A tuple containing the posterior mean and posterior covariance. As the prediction, one should use the mean.

Return type:

mean, covariance (tuple[torch.Tensor of shape (n_samples,), torch.Tensor of shape (n_samples, n_samples))

Raises:
  • NotFittedError – If the GaussianProcessClassifier model has not been fitted before predicting.

  • TypeError – If the input matrix is not a PyTorch tensor.

  • ValueError – If the input matrix is not the correct shape.

predict_proba(X)[source]

Applies the fitted GaussianProcessClassifier model to the input data, predicting the probabilities of each class.

Parameters:

X (torch.Tensor of shape (n_samples, n_features)) – The input data to be regressed.

Returns:

The probabilities that the class belongs to class 1.

Return type:

probabilities (tuple[torch.Tensor of shape (n_samples,))

Raises:
  • NotFittedError – If the GaussianProcessClassifier model has not been fitted before predicting.

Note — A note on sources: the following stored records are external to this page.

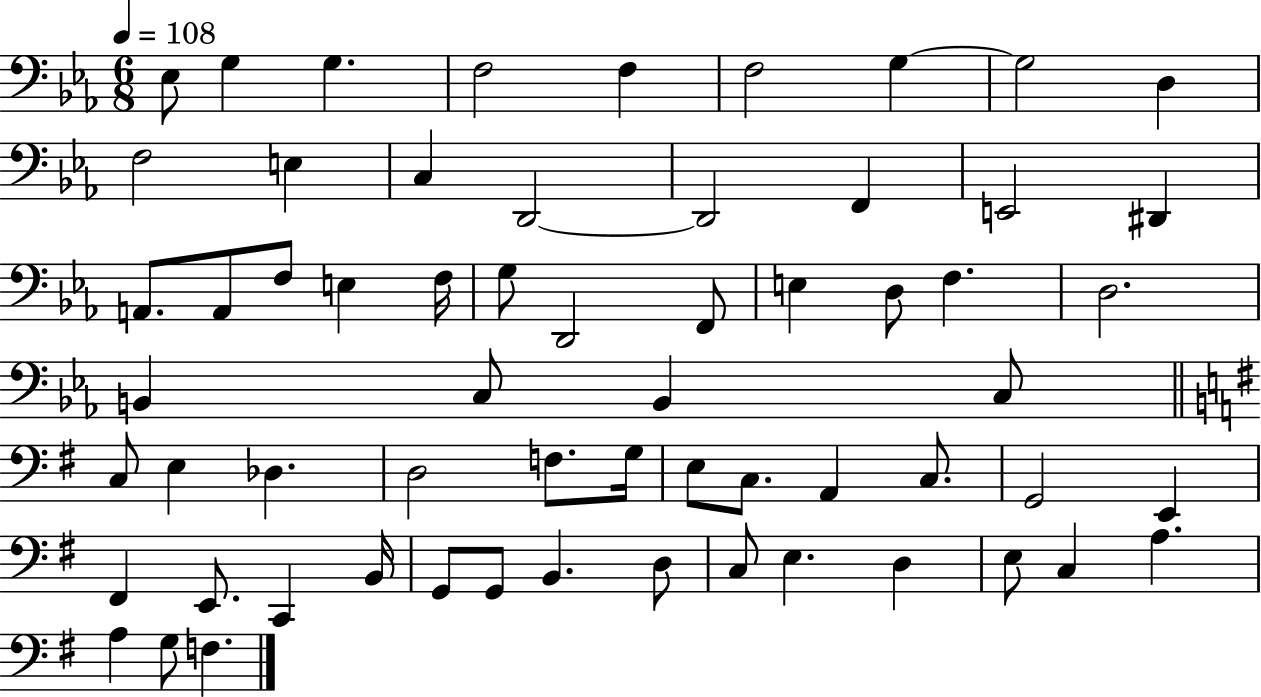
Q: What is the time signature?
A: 6/8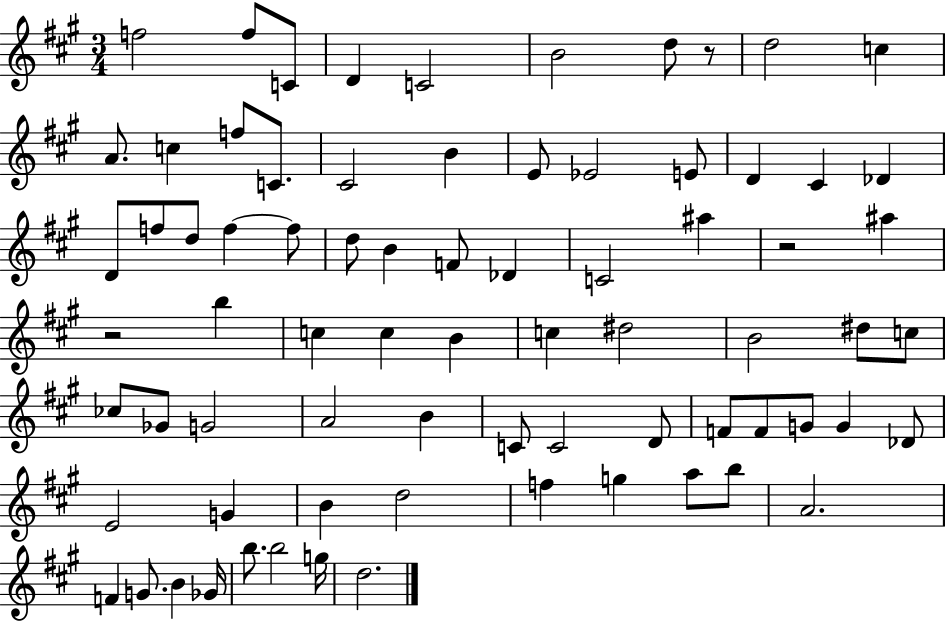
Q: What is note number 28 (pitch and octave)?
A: B4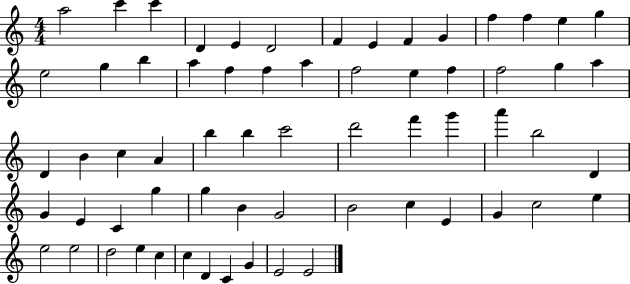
{
  \clef treble
  \numericTimeSignature
  \time 4/4
  \key c \major
  a''2 c'''4 c'''4 | d'4 e'4 d'2 | f'4 e'4 f'4 g'4 | f''4 f''4 e''4 g''4 | \break e''2 g''4 b''4 | a''4 f''4 f''4 a''4 | f''2 e''4 f''4 | f''2 g''4 a''4 | \break d'4 b'4 c''4 a'4 | b''4 b''4 c'''2 | d'''2 f'''4 g'''4 | a'''4 b''2 d'4 | \break g'4 e'4 c'4 g''4 | g''4 b'4 g'2 | b'2 c''4 e'4 | g'4 c''2 e''4 | \break e''2 e''2 | d''2 e''4 c''4 | c''4 d'4 c'4 g'4 | e'2 e'2 | \break \bar "|."
}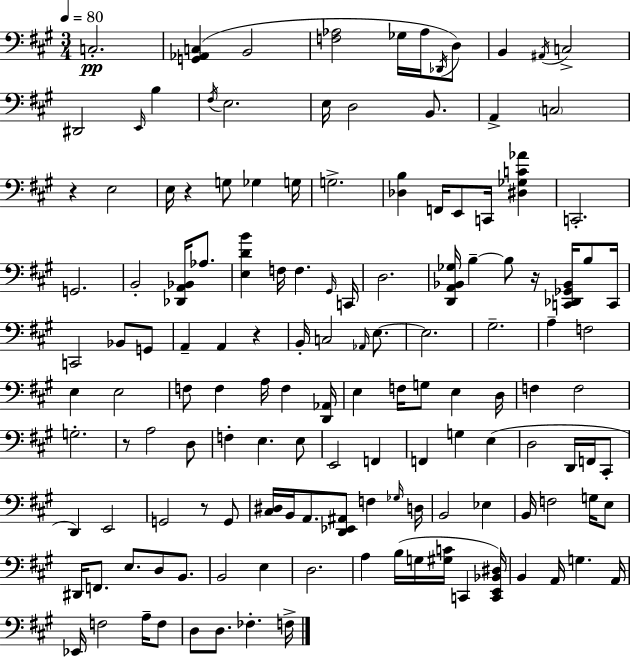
C3/h. [G2,Ab2,C3]/q B2/h [F3,Ab3]/h Gb3/s Ab3/s Db2/s D3/e B2/q A#2/s C3/h D#2/h E2/s B3/q F#3/s E3/h. E3/s D3/h B2/e. A2/q C3/h R/q E3/h E3/s R/q G3/e Gb3/q G3/s G3/h. [Db3,B3]/q F2/s E2/e C2/s [D#3,Gb3,C4,Ab4]/q C2/h. G2/h. B2/h [Db2,A2,Bb2]/s Ab3/e. [E3,D4,B4]/q F3/s F3/q. G#2/s C2/s D3/h. [D2,A2,Bb2,Gb3]/s B3/q B3/e R/s [C2,Db2,Gb2,Bb2]/s B3/e C2/s C2/h Bb2/e G2/e A2/q A2/q R/q B2/s C3/h Ab2/s E3/e. E3/h. G#3/h. A3/q F3/h E3/q E3/h F3/e F3/q A3/s F3/q [D2,Ab2]/s E3/q F3/s G3/e E3/q D3/s F3/q F3/h G3/h. R/e A3/h D3/e F3/q E3/q. E3/e E2/h F2/q F2/q G3/q E3/q D3/h D2/s F2/s C#2/e D2/q E2/h G2/h R/e G2/e [C#3,D#3]/s B2/s A2/e. [D2,Eb2,A#2]/e F3/q Gb3/s D3/s B2/h Eb3/q B2/s F3/h G3/s E3/e D#2/s F2/e. E3/e. D3/e B2/e. B2/h E3/q D3/h. A3/q B3/s G3/s [G#3,C4]/s C2/q [C2,E2,Bb2,D#3]/s B2/q A2/s G3/q. A2/s Eb2/s F3/h A3/s F3/e D3/e D3/e. FES3/q. F3/s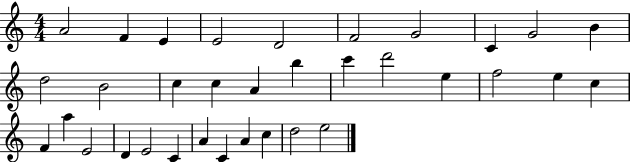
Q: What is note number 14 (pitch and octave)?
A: C5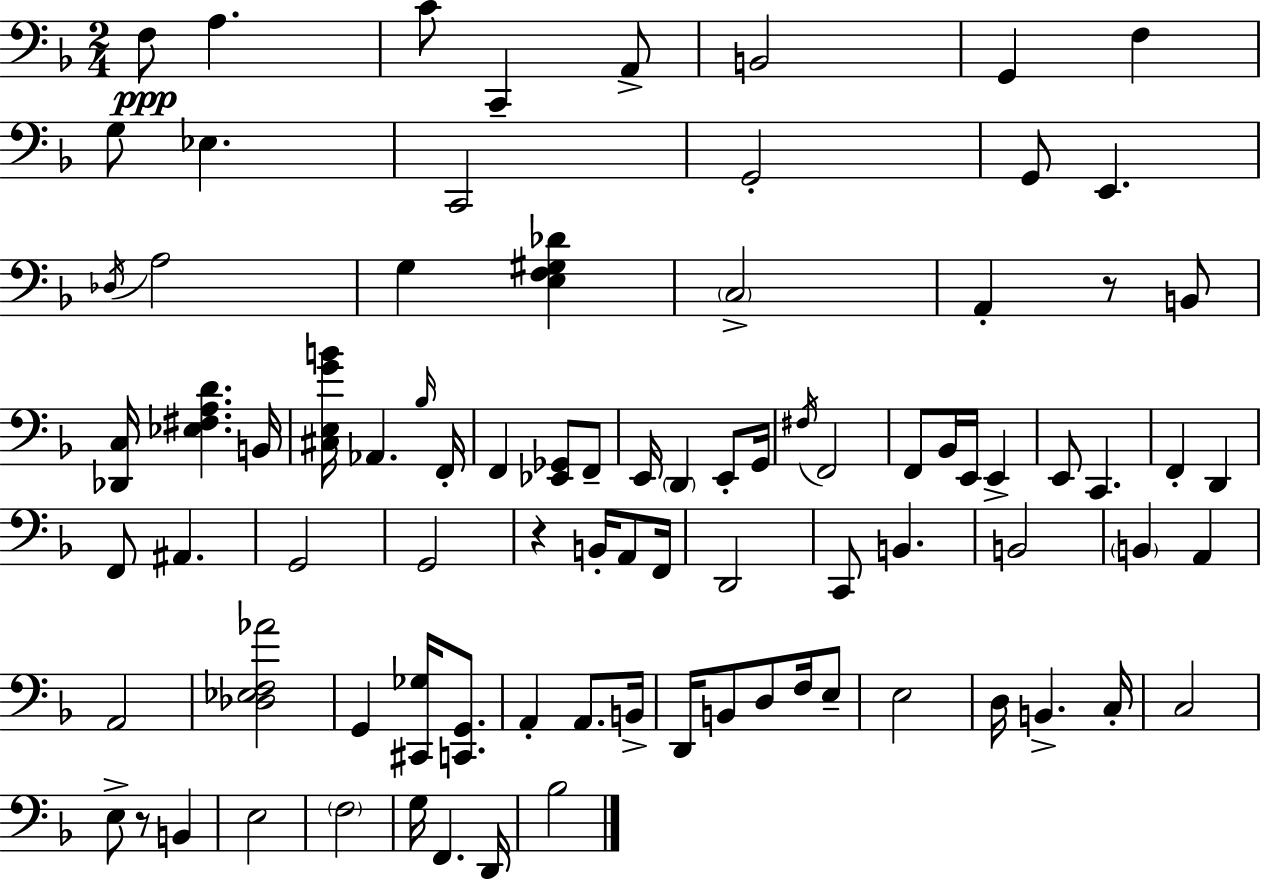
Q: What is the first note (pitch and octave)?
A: F3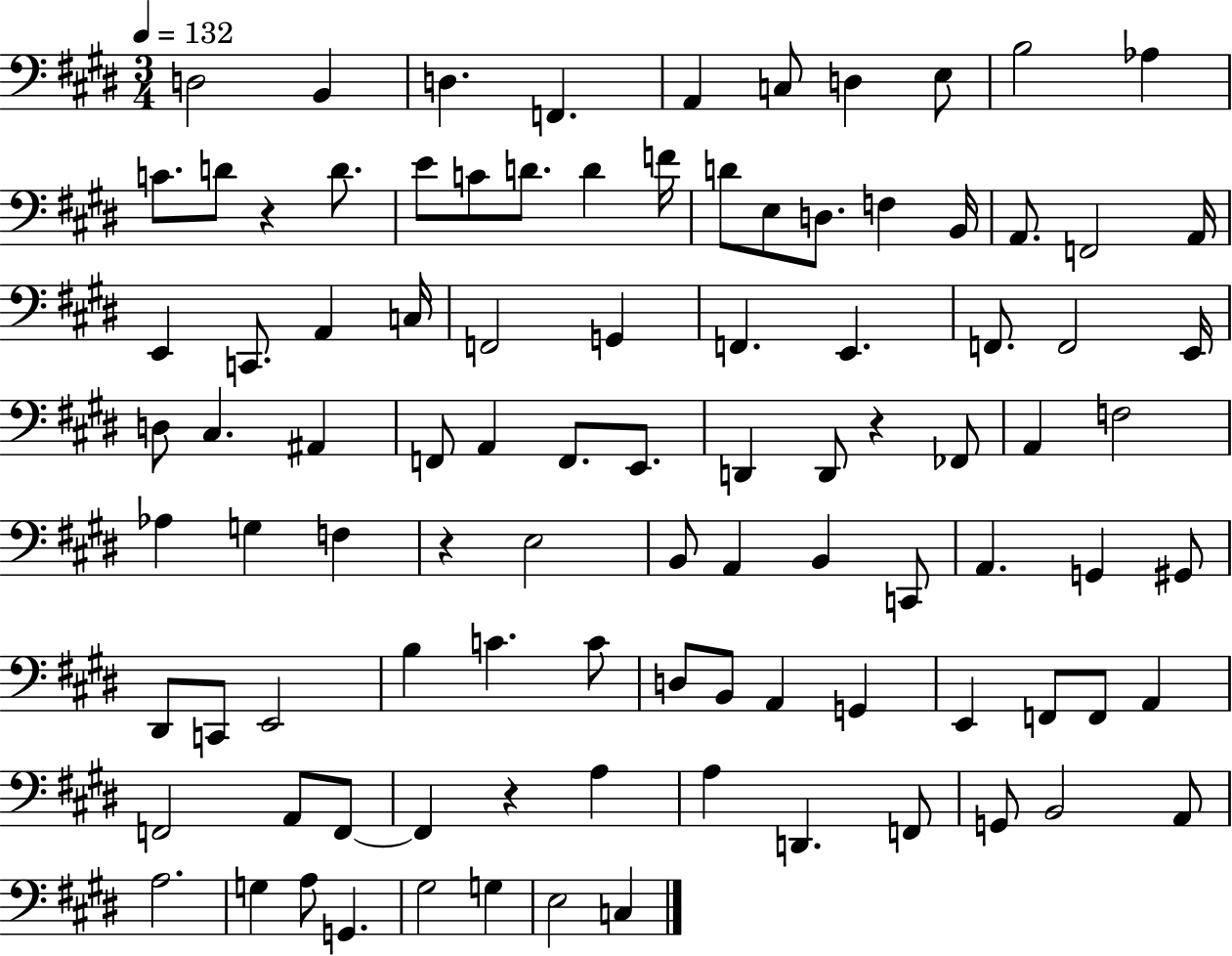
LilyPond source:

{
  \clef bass
  \numericTimeSignature
  \time 3/4
  \key e \major
  \tempo 4 = 132
  \repeat volta 2 { d2 b,4 | d4. f,4. | a,4 c8 d4 e8 | b2 aes4 | \break c'8. d'8 r4 d'8. | e'8 c'8 d'8. d'4 f'16 | d'8 e8 d8. f4 b,16 | a,8. f,2 a,16 | \break e,4 c,8. a,4 c16 | f,2 g,4 | f,4. e,4. | f,8. f,2 e,16 | \break d8 cis4. ais,4 | f,8 a,4 f,8. e,8. | d,4 d,8 r4 fes,8 | a,4 f2 | \break aes4 g4 f4 | r4 e2 | b,8 a,4 b,4 c,8 | a,4. g,4 gis,8 | \break dis,8 c,8 e,2 | b4 c'4. c'8 | d8 b,8 a,4 g,4 | e,4 f,8 f,8 a,4 | \break f,2 a,8 f,8~~ | f,4 r4 a4 | a4 d,4. f,8 | g,8 b,2 a,8 | \break a2. | g4 a8 g,4. | gis2 g4 | e2 c4 | \break } \bar "|."
}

  • TypeError – If the input matrix is not a PyTorch tensor.

  • ValueError – If the input matrix is not the correct shape.

train_kernel(epochs=10, optimiser=None, callback_frequency=1, verbose=False)[source]

Trains the current covariance function parameters by maximizing the log marginal likelihood.

Parameters:
  • epochs (int, optional) – The number of optimisation rounds. Must be a positive integer. Defaults to 10.

  • optimiser (Optimisers | None, optional) – The optimiser used for training the model. If None, the Adam optimiser is used.

  • callback_frequency (int, optional) – The number of iterations between printing info from training. Must be a positive integer. Defaults to 1, which means that every iteration, info is printed assuming verbose=True.

  • verbose (bool, optional) – If True, prints the log marginal likelihood of the model during training. Defaults to False.

Returns:

A dictionary tracking the evolution of the log marginal likelihood at intervals defined by callback_frequency. The tensor can be accessed with history[“log marginal likelihood”].

Return type:

history (dict[str, torch.Tensor], the tensor is floor(epochs / callback_frequency) long.)

Raises:
  • NotFittedError – If the GaussianProcessClassifier model has not been fitted before training the kernel.

  • TypeError – If the parameters are of wrong type.

  • ValueError – If epochs is not a positive integer.